Selbst-Check und Umsetzungsmodule
Das modular aufgebaute Konzept soll dabei helfen, die individuelle Ausgangslage der Volksbanken und Raiffeisenbanken im Geschäft mit dem oberen Mittelstand zu analysieren und die Institute an den richtigen Stellen weiterzuentwickeln. Sowohl die Analyse als auch die Umsetzungsmodule wurden dabei so konzipiert, dass sie möglichst unkompliziert in der Bankpraxis angewendet werden können. Das Marktbearbeitungskonzept „Oberer Mittelstand" enthält folgende Module:
- OMS-Selbst-Check: Dieses Tool bietet den Banken die Möglichkeit, auf Basis einer individuellen, excelbasierten Analyse relevante Handlungsfelder für die erfolgreiche Bearbeitung des oberen Mittelstands zu identifizieren.
- Neukundengewinnung: Mit einer selektiven Ansprache kann sich die Bank auf die Adressen des oberen Mittelstands in der Region konzentrieren, die zu ihrer Aufstellung passen und das größte Potenzial aufweisen. Das Marktbearbeitungskonzept bietet hierzu Unterstützung an.
- Bestandsdurchdringung: Bei Unternehmen des oberen Mittelstands sind Impulse entlang der gesamten Wertschöpfungskette von hoher Relevanz. Die Banken müssen deshalb konsequent über den klassischen Kredit hinausdenken. Dazu liefert dieses Modul Ansätze.

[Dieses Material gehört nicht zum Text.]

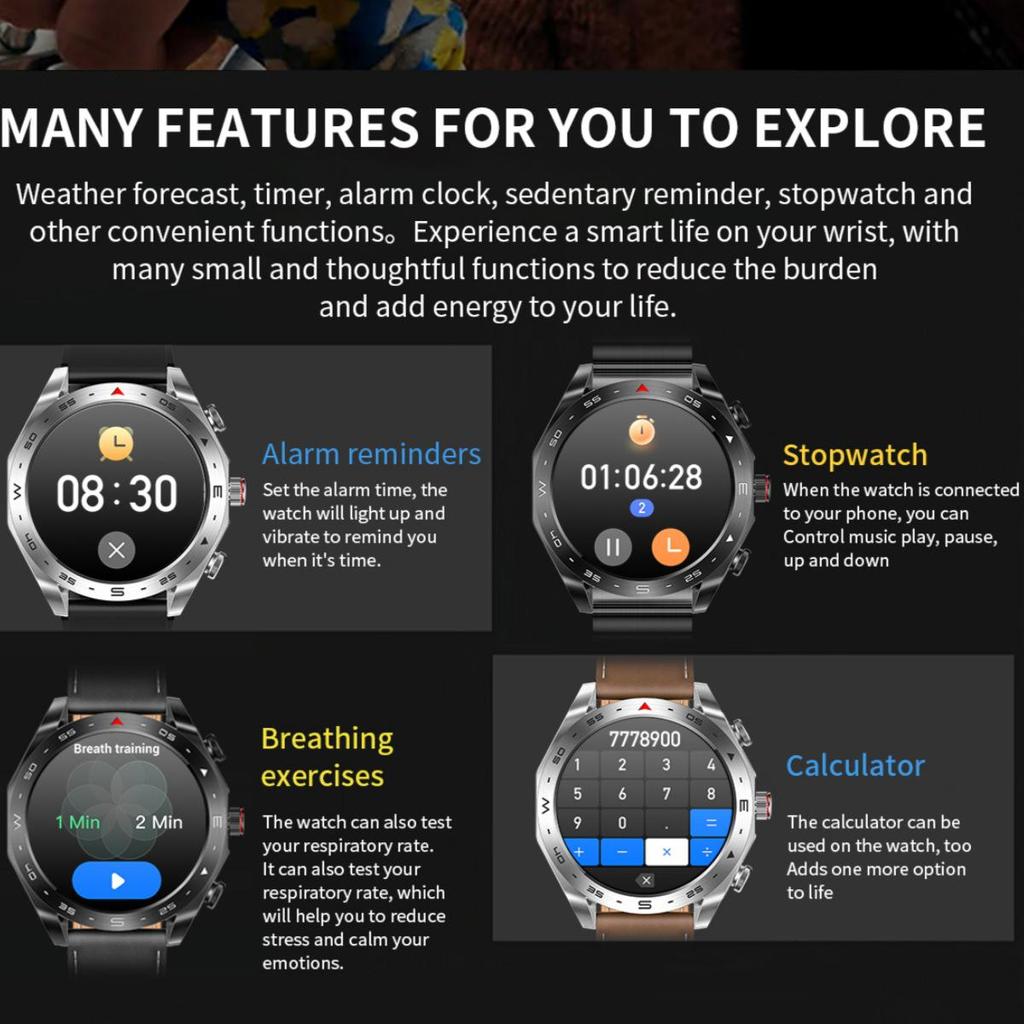 Smartwatch with TWS Bluetooth Earbuds, 1.52'' IPS Screen, Wake-Up Feature, Dual Call, AI Voice T95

- „Genossenschaftliche Beratung“: Die Bausteine der Genossenschaftlichen Beratung lassen sich auch in den oberen Mittelstand übertragen. Wesentliche Inhalte werden in das Kundenbeziehungsmanagement eingearbeitet, das gerade entsteht.

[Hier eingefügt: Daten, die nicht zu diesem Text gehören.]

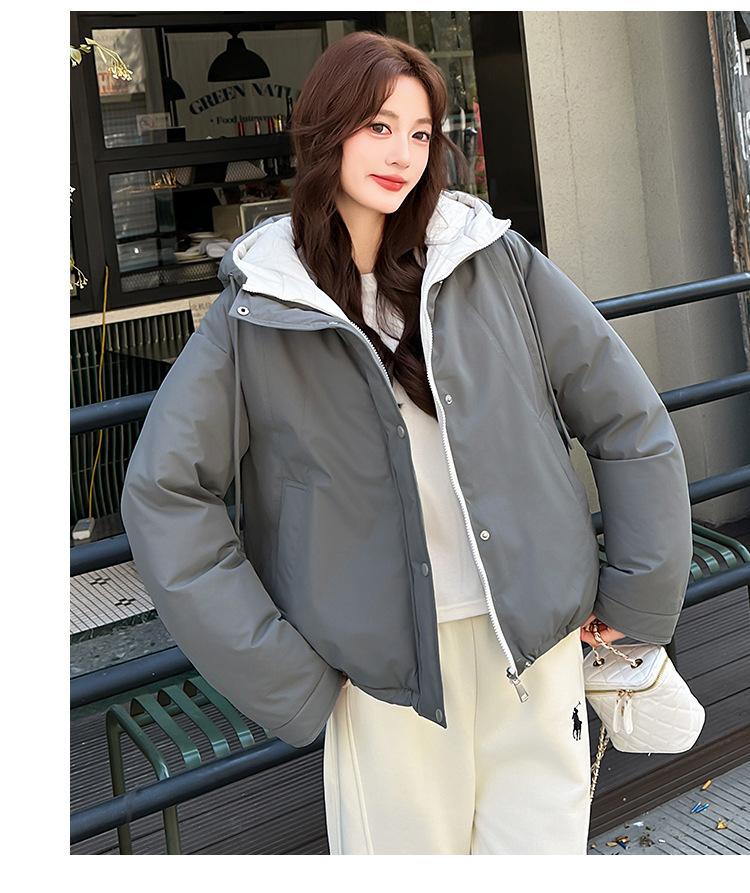 Women's winter short cotton-padded clothes with large twill, hooded on both sides, loose version, to undertake orders from large and small customers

- Zusammenarbeitsmodell: Die Banken können das Spezialwissen der Genossenschaftlichen Finanzgruppe nach individuellen Vorgaben einbinden. Ist ein klares Zusammenarbeitsmodell festgelegt, wird das beiderseitige Rollenverständnis von Bank und Verbundunternehmen geschärft. Auch hierfür gibt das Marktbearbeitungskonzept Anstöße.
- Qualifikation: Den Firmenkundenbetreuern kommt bei der Akquisition und Betreuung von Kunden des oberen Mittelstands eine Schlüsselrolle zu. Außerdem müssen sie den besonderen Ansprüchen dieser Klientel gerecht werden. Das erfordert ausgeprägte Kompetenzprofile, die in diesem Modul beschrieben werden.
Bei Bedarf stehen die Firmenkundenbetreuer der DZ Bank den Volksbanken und Raiffeisenbanken für einen strategischen wie operativen Dialog zur Verfügung, wie die Primärbanken gemeinsam mit der genossenschaftlichen FinanzGruppe ihr Geschäft mit dem oberen Mittelstand stärken können. Dafür sind die Genossenschaftsbanken als erste Ansprechpartner vor Ort unerlässlich – die individuelle subsidiäre Unterstützung der Verbundunternehmen ermöglicht den Instituten jedoch, die Geschäftsbeziehung zu gehobenen Firmenkunden zu vertiefen und nachhaltig zu sichern. Dazu bietet auch der GVB seinen Mitgliedsbanken Unterstützung an (siehe Kasten oben).
Andreas Brey ist Bereichsleiter Firmenkundengeschäft Bayern bei der DZ Bank.